Porosity-dependent nonlinear forced vibration analysis of functionally graded piezoelectric smart material plates

Abstract

This work investigates the porosity-dependent nonlinear forced vibrations of functionally graded piezoelectric material (FGPM) plates by using both analytical and numerical methods. The FGPM plates contain porosities owing to the technical issues during the preparation of FGPMs. Two types of porosity distribution, namely, even and uneven distribution, are considered. A modified power law model is adopted to describe the material properties of the porous FGPM plates. Using D’Alembert’s principle, the out-of-plane equation of motion is derived by taking into account the Kármán nonlinear geometrical relations. After that, the Galerkin method is used to discretize the equation of motion, resulting in a set of ordinary differential equations with respect to time. These ordinary differential equations are solved analytically by employing the harmonic balance method. The approximate analytical results are verified by using the adaptive step-size fourth-order Runge–Kutta method. By means of the perturbation technique, the stability of approximate analytical solutions is examined.

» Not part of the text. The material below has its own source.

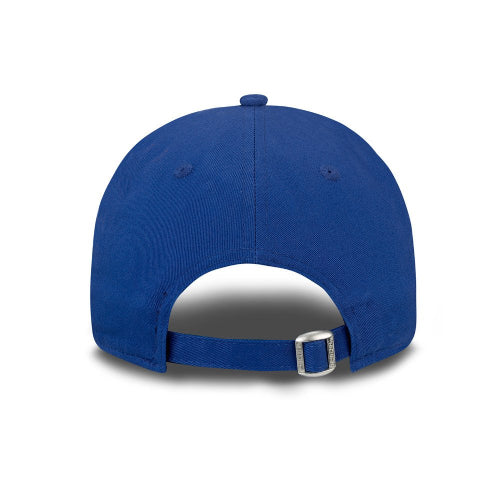 Unisex Plain 9Forty Adjustable Cap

An interesting nonlinear broadband vibration phenomenon is detected in the FGPM plates with porosities. Nonlinear frequency-response characteristics of the present smart structures are investigated for various system parameters including the porosity type, the porosity volume fraction, the electric potential, the external excitation, the damping and the constituent volume fraction. It is found that these parameters have significant effects on the nonlinear vibration characteristics of porous FGPM plates.